WHAT TO PRODUCE :: The records that appear below are to be restated word for word.

-------- INPUT DATA

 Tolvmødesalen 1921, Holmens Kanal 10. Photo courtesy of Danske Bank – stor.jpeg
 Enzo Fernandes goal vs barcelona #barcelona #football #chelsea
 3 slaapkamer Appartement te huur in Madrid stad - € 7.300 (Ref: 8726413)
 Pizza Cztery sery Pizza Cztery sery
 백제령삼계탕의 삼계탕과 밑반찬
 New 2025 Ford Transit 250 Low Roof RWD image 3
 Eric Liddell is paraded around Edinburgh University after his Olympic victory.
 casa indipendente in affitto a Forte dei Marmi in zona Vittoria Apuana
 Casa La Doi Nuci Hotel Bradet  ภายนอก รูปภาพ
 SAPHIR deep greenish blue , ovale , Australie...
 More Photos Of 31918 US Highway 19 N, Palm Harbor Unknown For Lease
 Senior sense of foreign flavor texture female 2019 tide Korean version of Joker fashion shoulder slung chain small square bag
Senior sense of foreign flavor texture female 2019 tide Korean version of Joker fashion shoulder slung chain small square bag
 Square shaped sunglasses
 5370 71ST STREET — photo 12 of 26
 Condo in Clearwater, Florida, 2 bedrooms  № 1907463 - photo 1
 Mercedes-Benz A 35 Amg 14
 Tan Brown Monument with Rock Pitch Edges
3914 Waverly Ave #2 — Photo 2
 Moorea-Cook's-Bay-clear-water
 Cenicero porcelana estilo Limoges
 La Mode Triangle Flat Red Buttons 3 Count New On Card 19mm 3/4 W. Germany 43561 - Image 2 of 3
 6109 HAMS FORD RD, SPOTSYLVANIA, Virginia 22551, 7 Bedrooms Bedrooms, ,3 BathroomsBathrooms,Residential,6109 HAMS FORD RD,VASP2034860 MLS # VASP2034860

----------------

SOLUTION TO THIS EXERCISE ::
 Tolvmødesalen 1921, Holmens Kanal 10. Photo courtesy of Danske Bank – stor.jpeg
 Enzo Fernandes goal vs barcelona #barcelona #football #chelsea
 3 slaapkamer Appartement te huur in Madrid stad - € 7.300 (Ref: 8726413)
 Pizza Cztery sery Pizza Cztery sery
 백제령삼계탕의 삼계탕과 밑반찬
 New 2025 Ford Transit 250 Low Roof RWD image 3
 Eric Liddell is paraded around Edinburgh University after his Olympic victory.
 casa indipendente in affitto a Forte dei Marmi in zona Vittoria Apuana
 Casa La Doi Nuci Hotel Bradet  ภายนอก รูปภาพ
 SAPHIR deep greenish blue , ovale , Australie...
 More Photos Of 31918 US Highway 19 N, Palm Harbor Unknown For Lease
 Senior sense of foreign flavor texture female 2019 tide Korean version of Joker fashion shoulder slung chain small square bag
Senior sense of foreign flavor texture female 2019 tide Korean version of Joker fashion shoulder slung chain small square bag
 Square shaped sunglasses
 5370 71ST STREET — photo 12 of 26
 Condo in Clearwater, Florida, 2 bedrooms  № 1907463 - photo 1
 Mercedes-Benz A 35 Amg 14
 Tan Brown Monument with Rock Pitch Edges
3914 Waverly Ave #2 — Photo 2
 Moorea-Cook's-Bay-clear-water
 Cenicero porcelana estilo Limoges
 La Mode Triangle Flat Red Buttons 3 Count New On Card 19mm 3/4 W. Germany 43561 - Image 2 of 3
 6109 HAMS FORD RD, SPOTSYLVANIA, Virginia 22551, 7 Bedrooms Bedrooms, ,3 BathroomsBathrooms,Residential,6109 HAMS FORD RD,VASP2034860 MLS # VASP2034860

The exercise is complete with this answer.